══ MATERIAL FOR THIS EXERCISE

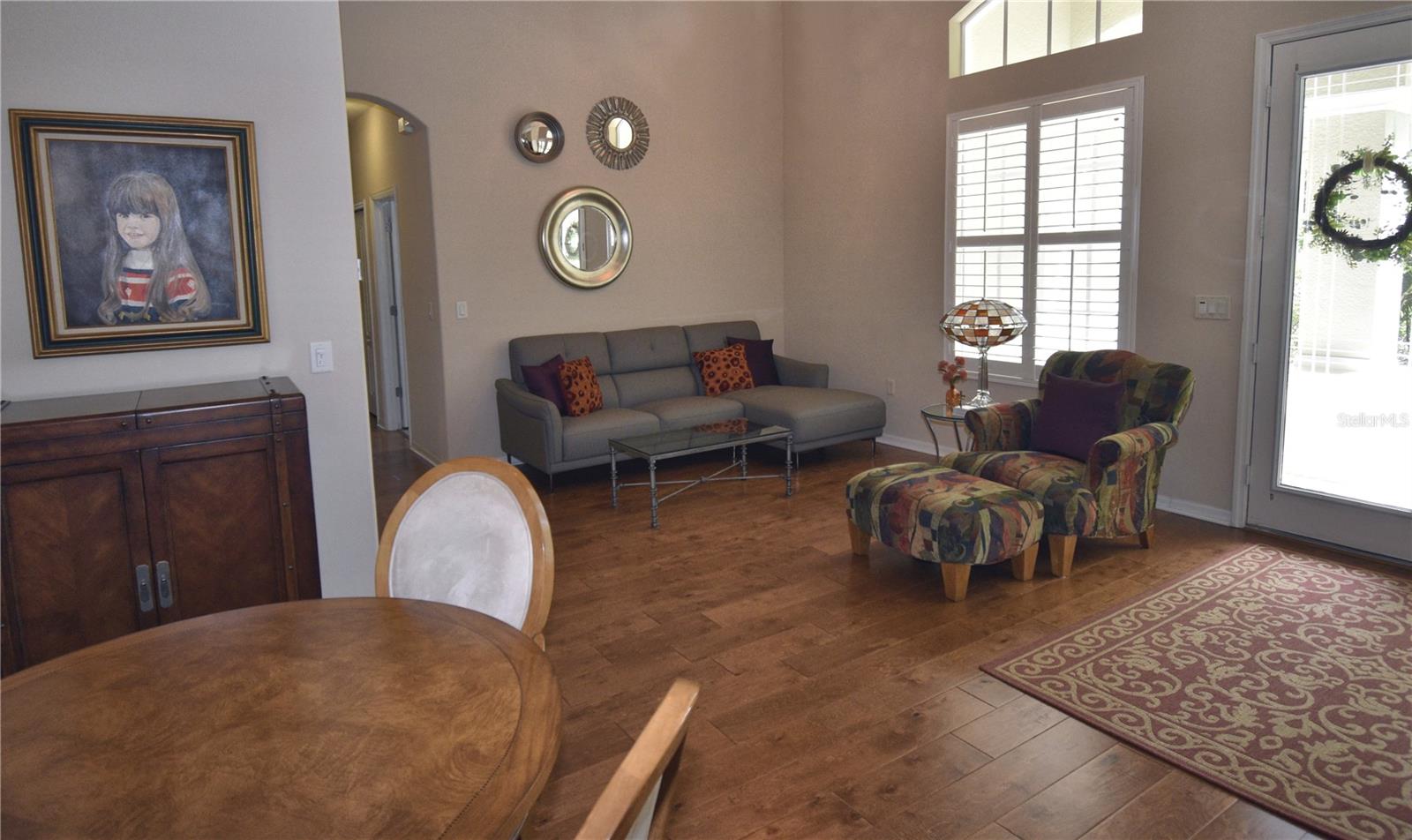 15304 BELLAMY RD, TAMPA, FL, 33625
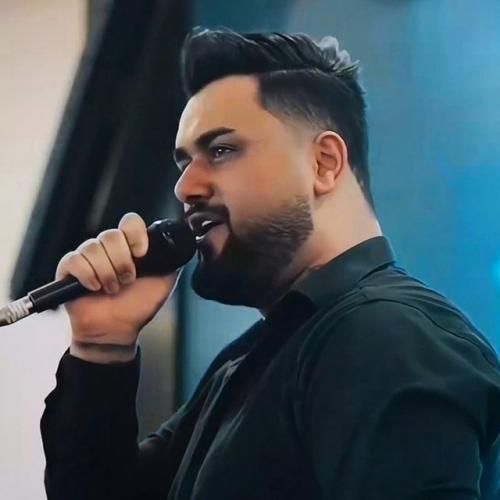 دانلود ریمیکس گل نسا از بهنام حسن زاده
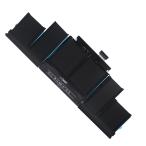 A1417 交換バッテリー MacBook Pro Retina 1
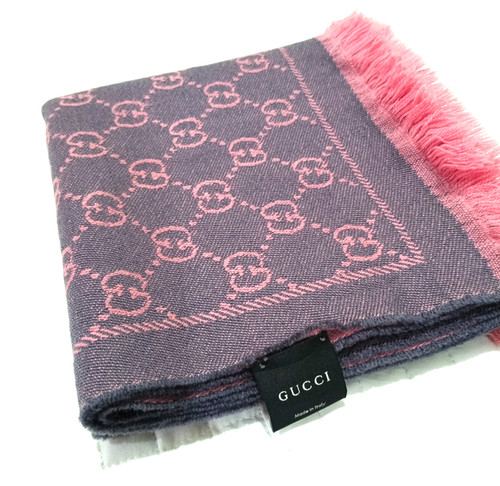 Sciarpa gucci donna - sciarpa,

════
══ MATERIAL FOR THIS EXERCISE

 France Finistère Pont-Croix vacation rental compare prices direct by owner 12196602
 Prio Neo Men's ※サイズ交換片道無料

════
══ MATERIAL FOR THIS EXERCISE

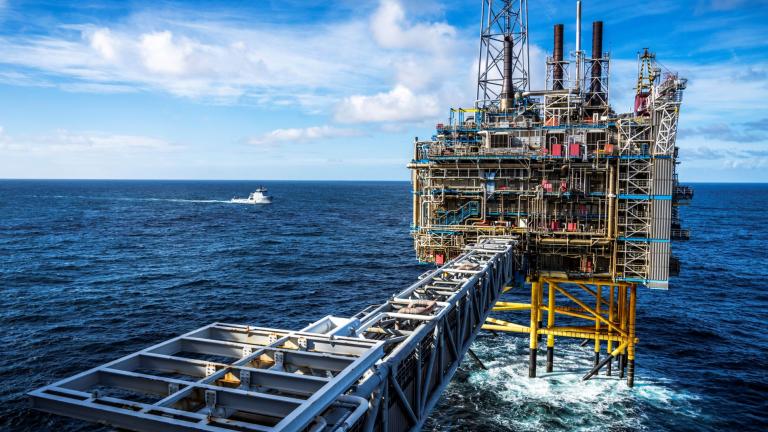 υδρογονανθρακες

════

### PROMPT
Restate word for word the entries above from the line with "France Finistère Pont-Croix" through the line with "Prio Neo Men's ※サイズ交換片道無料", inclusive, leaving out everything else.

### ANSWER TO THE EXERCISE
 France Finistère Pont-Croix vacation rental compare prices direct by owner 12196602
 Prio Neo Men's ※サイズ交換片道無料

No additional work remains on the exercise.